* **Work to complete**: Range to reproduce from the entries below: the line with "Pair sky blue cased - blue, bud", the line with "Horse Color:Gray Brown", and every line in between. Give them exactly and give nothing else.

* **Excerpted records**:
━━━

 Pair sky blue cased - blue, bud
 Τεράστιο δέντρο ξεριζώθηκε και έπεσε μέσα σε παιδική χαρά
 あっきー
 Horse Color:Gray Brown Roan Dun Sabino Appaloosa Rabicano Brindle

━━━

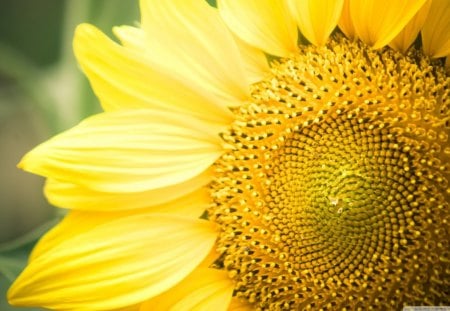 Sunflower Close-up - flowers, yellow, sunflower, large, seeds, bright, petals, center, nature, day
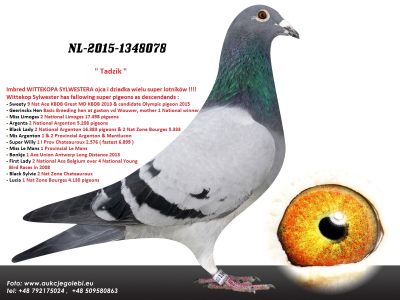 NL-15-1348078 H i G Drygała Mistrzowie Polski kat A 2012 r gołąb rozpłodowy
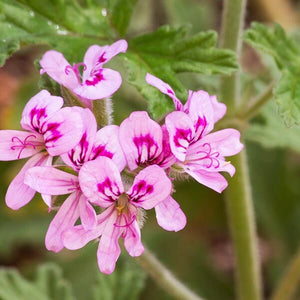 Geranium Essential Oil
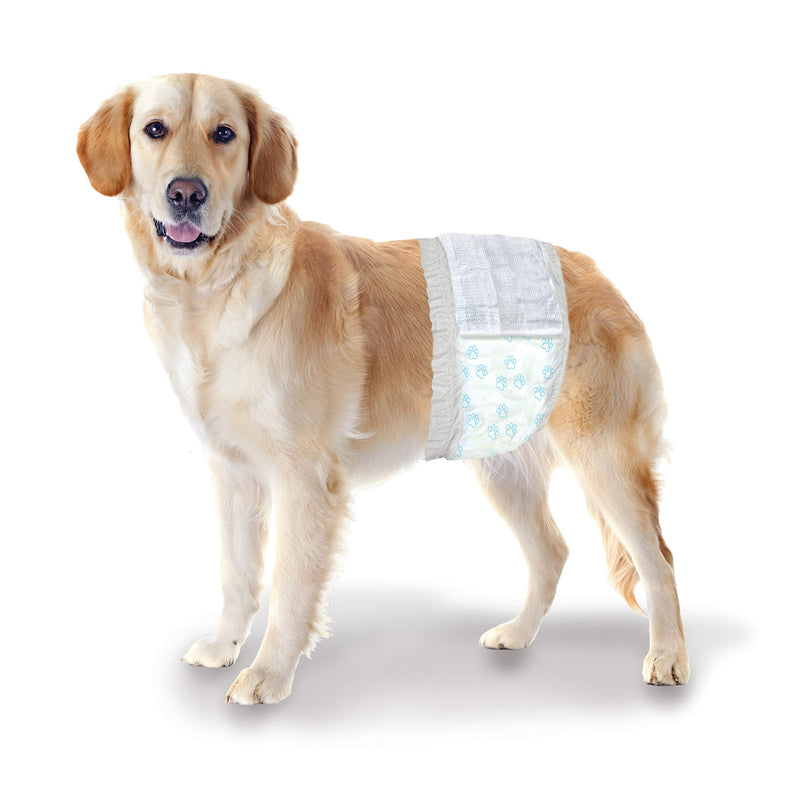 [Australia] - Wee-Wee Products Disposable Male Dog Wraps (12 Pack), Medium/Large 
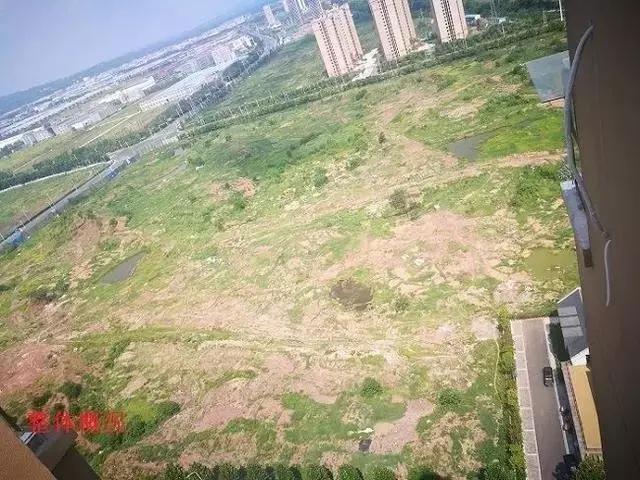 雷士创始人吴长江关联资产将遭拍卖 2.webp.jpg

━━━

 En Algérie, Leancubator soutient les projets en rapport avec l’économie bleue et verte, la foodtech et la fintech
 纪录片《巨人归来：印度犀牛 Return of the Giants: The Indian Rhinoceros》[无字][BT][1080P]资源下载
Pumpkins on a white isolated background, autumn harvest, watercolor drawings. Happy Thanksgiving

━━━

* **Result for this task**:
 Pair sky blue cased - blue, bud
 Τεράστιο δέντρο ξεριζώθηκε και έπεσε μέσα σε παιδική χαρά
 あっきー
 Horse Color:Gray Brown Roan Dun Sabino Appaloosa Rabicano Brindle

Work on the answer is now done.